A gear differential is a mechanism that is capable of adding and subtracting mechanically. To be more precise, we should say that it adds the total revolutions of two shafts. It also subtracts the total revolutions of one shaft from the total revolutions of another shaftand delivers the answer by a third shaft. The gear differential will continuously and accurately add or subtract any number of revolutions. It will produce a continuous series of answers as the inputs change.

Figure 11-8 is a cutaway drawing of a bevel gear differential showing all of its parts and how they relate to each other. Grouped around the center of the mechanism are four bevel gears meshed together. The two bevel gears on either side are "end gears." The two bevel gears above and below are "spider gears." The long shaft running through the end gears and the three spur gears is the "spider shaft." The short shaft running through the spider gears together with the spider gears themselves make up the "spider."

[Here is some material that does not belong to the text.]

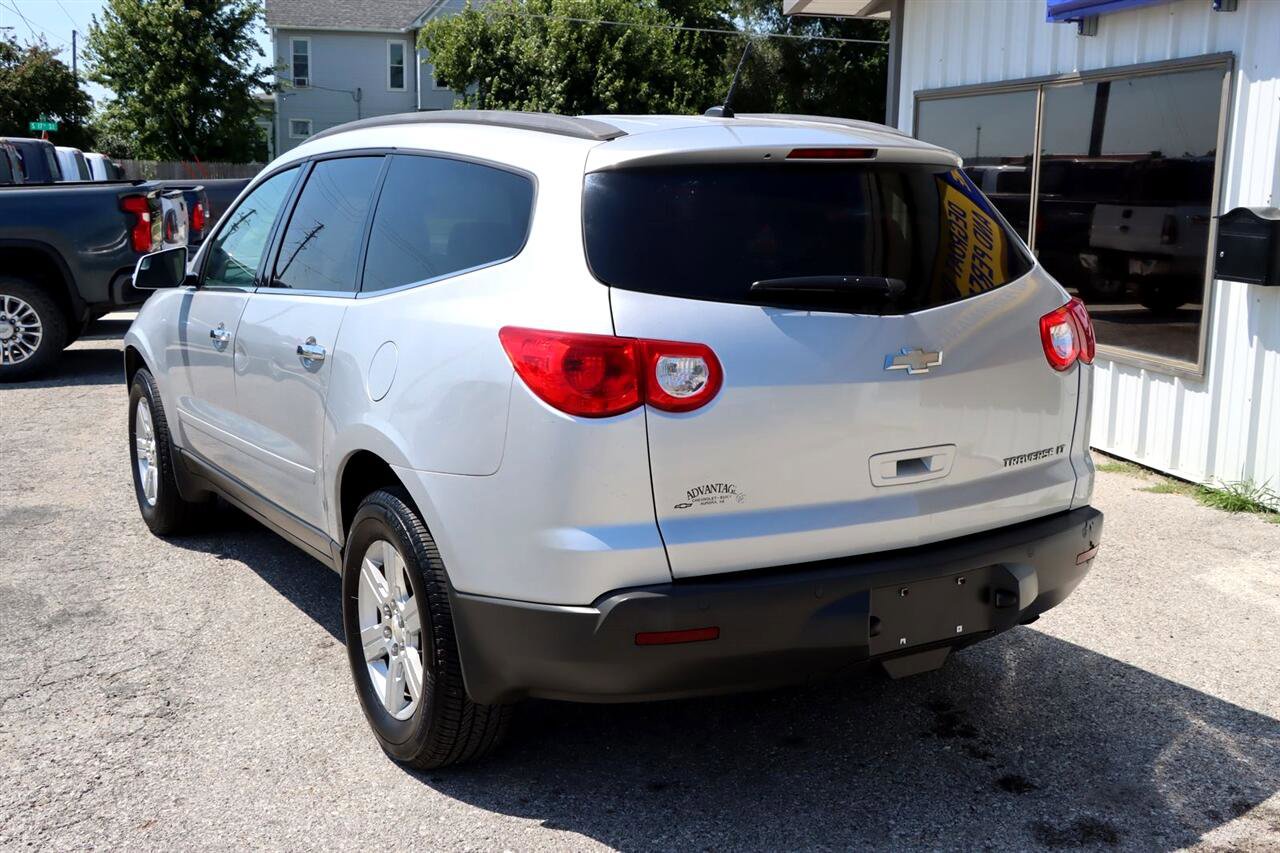 Used 2010 Chevrolet Traverse LT w/ Personal Connectivity Package image 3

Each spider gear and end gear is bearing-mounted on its shaft and is free to rotate. The spider shaft connects

with the spider cross shaft at the center block where they intersect. The ends of the spider shaft are secured in flanges or hangers. The spider cross shaft and the spider shaft are also bearing-mounted and are free to rotate on their axis. Therefore, since the two shafts are rigidly connected, the spider (consisting of the spider cross shaft and the spider gears) must tumble, or spin, on the axis of the spider shaft.

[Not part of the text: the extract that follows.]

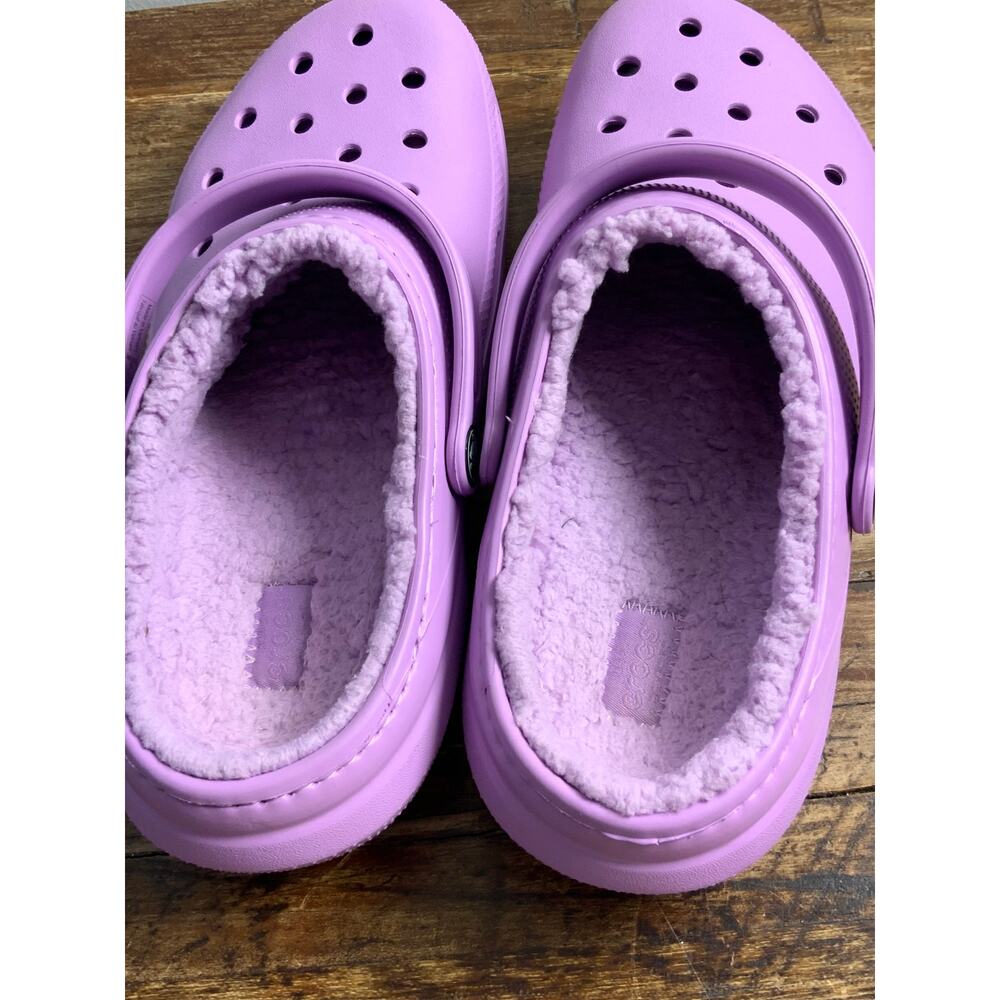 Crocs Purple fur slip on crocs size 6 - Picture 5 of 6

The three spur gears, shown in figure 11-8, are used to connect the two end gears and the spider shaft to other mechanisms. They may be of any convenient size. Each of the two input spur gears is attached to an end gear. An input gear and an end gear together are called a "side" of a differential. The third spur gear is the output gear, as designated in figure 11-8. This is the only gear pinned to the spider shaft. All the other differential gears, both bevel and spur, are bearing-mounted.

Figure 11-9 is an exploded view of a gear differential showing each of its individual parts. Figure 11-10 is a schematic sketch showing the relationship of the principle parts. For the present we will assume that the two sides of the gear system are the inputs and the gear on the spider shaft is the output. Later we will show that any of these three gears can be either an input or an output.

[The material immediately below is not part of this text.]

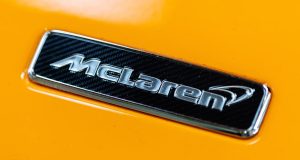 McLaren P34 süper otomobilin görünümü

Now lets look at figure 11-11. In this hookup the two end gears are positioned by the input shafts, which represent the quantities to be added or subtracted. The spider gears do the actual adding and subtracting. They follow the rotation of the two end

Figure 11-12.The spider makes only half as many revolutions.

gears, turning the spider shaft several revolutions proportional to the sum, or difference, of the revolutions of the end gears.

Suppose the left side of the differential rotates while the other remains stationary, as in block 2 of figure 11-11. The moving end gear will drive the spider in the same direction as the input and, through the spider shaft and output gear, the output shaft. The output shaft will turn several revolutions proportional to the input.

If the right side is not rotated and the left side is held stationary, as in block 3 of figure 11-11, the same thing will happen. If both input sides of the differential turn in the same direction at the same time, the spider will be turned by both at once, as in block 4 of figure 11-11. The output will be proportional to the two inputs. Actually, the spider makes only half as many revolutions as the revolutions of the end gears, because the spider gears are free to roll between the end gears. To understand this better, lets look at figure 11-12. Here a ruler is rolled across the upper side of a cylindrical drinking glass, pushing the glass along a table top. The glass will roll only half as far as the ruler travels. The spider gears in the differential roll against the end gears in exactly the same way. Of course, you can correct the way the gears work by using a 2:1 gear ratio between the gear on the spider shaft and the gear for the output shaft. Very often, for design purposes, this gear ratio will be found to be different.

When two sides of the differential move in opposite directions, the output of the spider shaft is proportional to the difference of the revolutions of the two inputs. That is because the spider gears are free to turn and the two inputs drive them in opposite directions. If the two inputs are equal and opposite, the spider gears will turn, but the spider shaft will not move. If the two inputs turn in opposite directions for an unequal number of revolutions, the spider gears roll on the end gear that makes the lesser number of revolutions. That rotates the spider in the direction of the input making the greater number of revolution. The motion of the spider shaft

Figure 11-13.Differential gear hookups.

will be equal to half the difference between the revolutions of the two inputs. A change in the gear ratio to the output shaft can then give us any proportional answer we wish.

We have been describing a hookup wherein the two sides are inputs and the spider shaft is the output. As long as you recognize that the spider follows the end gears for half the sum, or difference, of their revolutions, you dont need to use this type of hookup. You may use the spider shaft as one input and either of the sides as the other. The other side will then become the output. Therefore, you may use three different hookups for any given differential, depending on which is the most convenient mechanically, as shown in figure 11-13.

In chapter 13 of this book, we will describe the use of the differential gear in the automobile. Although this differential is similar in principle, you will see that it is somewhat different in its mechanical makeup.